The release of the pro-democracy leader Aung San Suu Kyi has led to speculation that sanctions against Burma and its military rulers could soon be dropped.
“If the people really want sanctions to be lifted, I will consider it,” Miss Suu Kyi told reporters in her first news conference after her release.
Sanctions ranging from embargoes on arms sales to visa bans have been in place for more than 20 years in Burma, in an attempt by Western governments to prompt the military leaders to engage in political reform.
But the imposition of sanctions has not been uniform and, many argue, has not had the desired impact.
Most sanctions have been placed by Western governments, which traditionally were strong trading partners and investors in Burma.
The first measures were taken against Burma by the EU and the US following the crushing of the democracy uprising in 1988.
These included an end to development assistance and an arms embargo.
A significant racheting-up of sanctions came in 1996, when the EU adopted a Common Position on Burma, including a ban on arms or weapons or any equpment that could be used for repression.

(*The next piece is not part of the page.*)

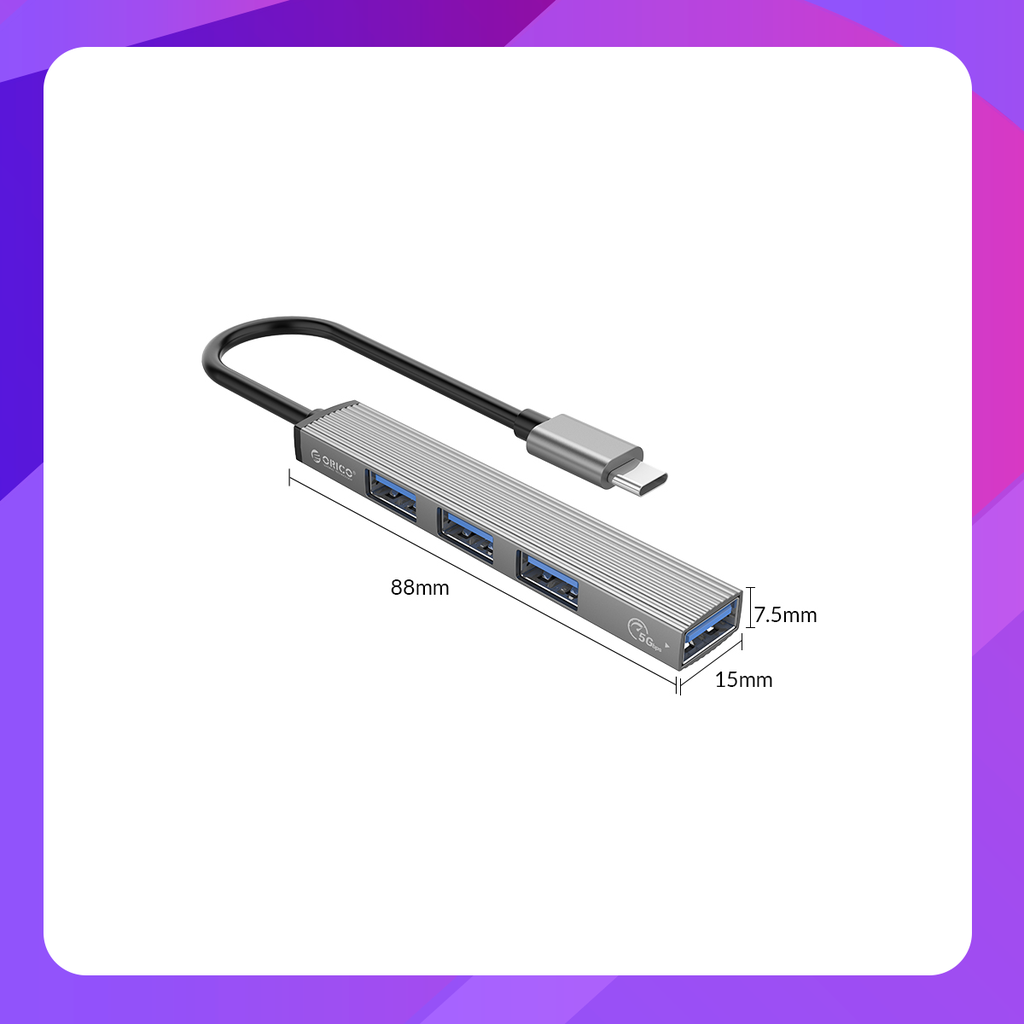ORICO AH-13-GY-BP 4 Ports Type-C HUB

The following year, a ban on new investment in Burma by US persons and organisations was announced by US authorities.
But the sanctions never worked in the ways that supporters of Aung San Suu Kyi might have hoped.

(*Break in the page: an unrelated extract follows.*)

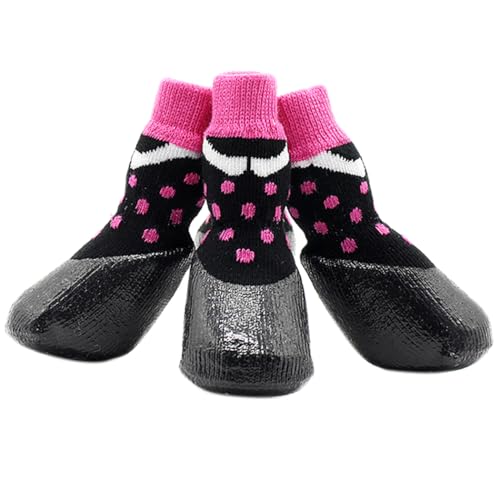 Large Dog Socks with Dots, 4-Pack Elastic Paw Protectors for Dogs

In the first instance, they were patchy, either in the way they were enforced or in the products and services that were targeted. And in the second, they were not retrospective.
“Divisions within the EU have weakened the EU’s influence with sanctions,” says Burma Campaign UK director Mark Farmaner.

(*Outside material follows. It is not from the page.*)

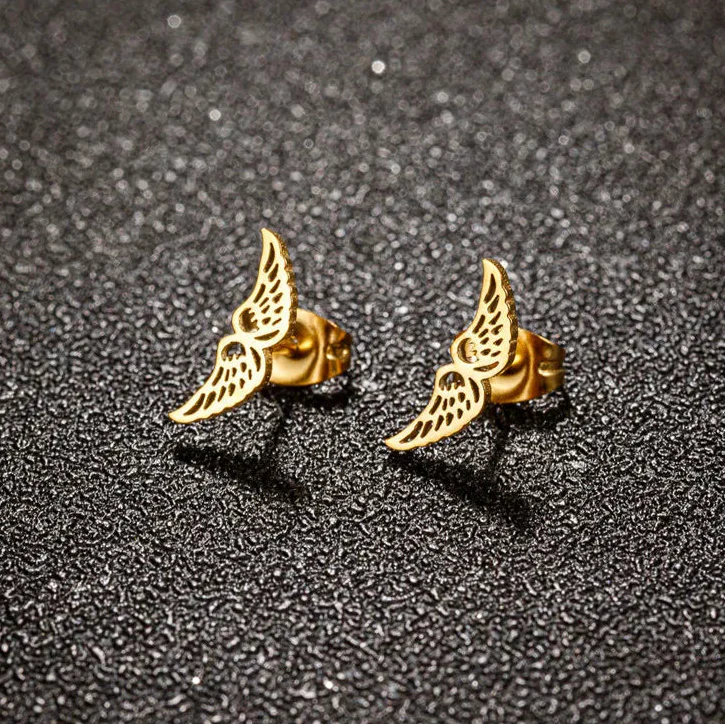 Minimalist angel wing earrings gold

Some countries – notably the UK, Czech Republic, Netherlands, Ireland and Denmark – have consistently called for increasing pressure, while the likes of France and Germany have been opposed to any such action.
“France’s opposition to stronger EU sanctions is attributed to the fact that Total Oil, France’s largest company, is a big investor in Burma,” says Mr Farmaner.
The US ban on investment lacked teeth, because most major investment had already taken place. Links that had been established before 1997 could continue to be nourished, reaping returns for American investors.
So despite what look like tough economic sanctions, a US company, Unocal (now Chevron), in a joint venture with France’s Total, was able to carry on developing the Yadana gas project, one of the biggest sources of foreign currency for the Burmese military junta.
And as Mr Farmaner points out, many of Burma’s key exports were not initially included in any list of sanctions.
“Until 2008, three of the top exports earning revenue for the dictatorship, gas, timber and gems, had not been significantly touched by any sanctions. This changed after the crushing of the monk-led uprising in 2007,” says Mr Farmaner.
While pro-democracy groups in the West have criticised their governments for the way sanctions have been placed and their lack of support, neighbouring countries in Asia have taken a different approach to Burma.
Most of Burma’s Asian neighbours, such as Thailand, India and China, have continued trading with the country and remained silent about the detention of Miss Suu Kyi.
Investment by these countries in Burma has actually increased during the period that sanctions have been in place.
China has poured billions of dollars into Burma and now accounts for two-thirds of its total investment over the past 20 years, according to Burmese state media.
“China is certainly still the ‘bagman’ for Burma, and will be by far Burma’s most important economic partner,” says Sean Turnell, economics professor and Burma expert at Macquarie University in Australia.
“Currently it is Chinese banks that have taken the role of providing the safe haven for the regime and the funds they secrete offshore deriving from the gas exports,” Prof Turnell told the BBC.
One of the principal reasons for interest in the area is because of its natural resources.
Burma is the world’s 10th biggest and Asia’s top exporter of natural gas.
According to the Foreign Office, natural gas exports are now Burma’s main source of foreign exchange income, its sales making up 12.5% of Burma’s GDP.
The world is hungry for energy and Burma will soon be in a position to start transforming itself from one of the world’s poorest economies.
So do the sanctions by Western democracies have any impact on Burma and its military leaders? Yes, according to Prof Turnell.
“The US and Europe remain very influential,” he says, “especially amongst that crucial ‘connected’ business elite. They crave to send their kids to Western universities, they want to travel, they want legitimacy, and they do not really trust Chinese financial institutions. “
Experts say that the military generals are keen to promote economic growth and Miss Suu Kyi holds sway over international opinion and sanctions policy.
She says she will listen to the people when it comes to lifting sanctions. But she, as well as the wider world, will be keenly aware of the more than 2,000 political prisoners still being held in Burmese prisons.
And for all the jubilation over her release, Aung San Suu Kyi remains in a vulnerable postion in a country slow to change, but quick to repress.
For this reason, campaign groups insist that sanctions still have a place.